250a Accelerometer Lab
Lab 4: Accelerometers, Audio Filters, and (optionally) Multitouch
Due on Wednesday, October 21th at 5PM
For this lab you need an iPod Touch (loaners are available) or an iPhone running TouchOSC, and Max/MSP or Pd on a computer.
Get connected and get oriented
iPod Touches, like many newer portable electronic devices, have a 3-axis accelerometer in them, which allows designers to take into account both orientation of the device with respect to gravity as well as detecting physical gestures that are made with the phone.
For this lab, instead of writing our own iPod applications (the subject of an entire course), we will use an iPod app called TouchOSC to send accelerometer data from the iPod to max or pd. This app is installed on the iPods available to use in this lab.
If you prefer to use your own iPod or iPhone, you are welcome to use one of the other apps which perform similar functions. Here is a review of some options: http://heuristicmusic.com/blog/?p=124.
getting the iPod to talk to your computer via Open Sound Control
- Make sure your computer and iPod are on the same network.
- Find out the name or IP address of your computer.
- On the iPod start TouchOSC and press the small 'i' to get to preferences. Select 'Network' and set Host to the name of your computer (e.g. 'cmn37.stanford.edu' or 'mylaptop.local'.)
- Open accel_osc.pd (INSERT LINK AND MAX PATCH HERE), and make sure that accelerometer messages from TouchOSC are being received in Pd/Max.
- use printing to examine the incoming OSC messages.
- Look at the acceleration values and graphs as you move the iPod around.
- What are the units that acceleration is reported in?
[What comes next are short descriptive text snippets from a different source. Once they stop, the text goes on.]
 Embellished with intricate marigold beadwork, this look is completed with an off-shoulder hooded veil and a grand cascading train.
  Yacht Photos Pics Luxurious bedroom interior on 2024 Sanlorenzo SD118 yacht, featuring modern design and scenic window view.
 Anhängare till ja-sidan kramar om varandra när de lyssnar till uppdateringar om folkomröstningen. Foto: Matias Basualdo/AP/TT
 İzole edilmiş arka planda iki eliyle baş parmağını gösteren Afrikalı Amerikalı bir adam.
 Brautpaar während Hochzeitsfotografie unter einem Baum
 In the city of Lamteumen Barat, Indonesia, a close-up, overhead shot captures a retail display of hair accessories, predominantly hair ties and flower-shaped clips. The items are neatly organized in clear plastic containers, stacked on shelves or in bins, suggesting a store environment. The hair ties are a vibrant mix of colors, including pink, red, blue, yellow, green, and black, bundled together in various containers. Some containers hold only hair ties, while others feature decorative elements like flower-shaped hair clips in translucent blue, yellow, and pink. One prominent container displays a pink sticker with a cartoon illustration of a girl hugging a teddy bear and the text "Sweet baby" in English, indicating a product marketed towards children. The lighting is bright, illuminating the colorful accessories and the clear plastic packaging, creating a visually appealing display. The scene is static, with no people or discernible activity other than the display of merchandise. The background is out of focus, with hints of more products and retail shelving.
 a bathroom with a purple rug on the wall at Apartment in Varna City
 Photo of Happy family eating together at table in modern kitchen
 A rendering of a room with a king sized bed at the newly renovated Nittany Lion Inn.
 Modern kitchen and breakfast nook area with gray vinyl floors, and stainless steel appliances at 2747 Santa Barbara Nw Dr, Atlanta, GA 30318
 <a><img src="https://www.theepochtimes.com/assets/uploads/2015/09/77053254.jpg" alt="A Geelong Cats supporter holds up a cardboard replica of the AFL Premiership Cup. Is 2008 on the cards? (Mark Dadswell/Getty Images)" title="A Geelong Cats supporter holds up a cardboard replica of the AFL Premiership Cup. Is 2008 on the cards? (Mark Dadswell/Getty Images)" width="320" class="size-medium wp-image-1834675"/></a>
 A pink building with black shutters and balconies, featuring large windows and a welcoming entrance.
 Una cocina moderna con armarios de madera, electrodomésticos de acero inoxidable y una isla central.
- Figure out the direction and orientation of each (x,y,z) accelerometer axis. How do you do this?
- Draw a picture of the x,y, and z axes and their orientation as they relate to the iPod. (For lab submission you can include this picture or describe verbally what you discover.)
Naive Gesture Detection and Thresholding
Here's a way to make a simple gesture detector. One obvious difference between fast jerky movements and slow gradual movements is sudden jumps in the acceleration values. As discussed in lecture, jerk is the derivative of acceleration.
Since our accelermeter data is discrete in time (i.e. we get one value every some number of milliseconds), we can approximate derivation by taking the difference between successive values. (Technically, this is a "one-zero highpass filter.") You can use the included delta abstraction, which simply returns the difference between subsequent input values.
Start with accel+osc and connect a delta object to one or more acceleration values, pick a threshold that corresponds to a satisfying level of jerkiness, and use threshold (Pd) or past (max) to make a sound when you exceed the threshold. You can give the user additional control of the sound based on the direction and/or the magnitude of the jerk, if you like.
Congratulations, you have now written a jerk detector.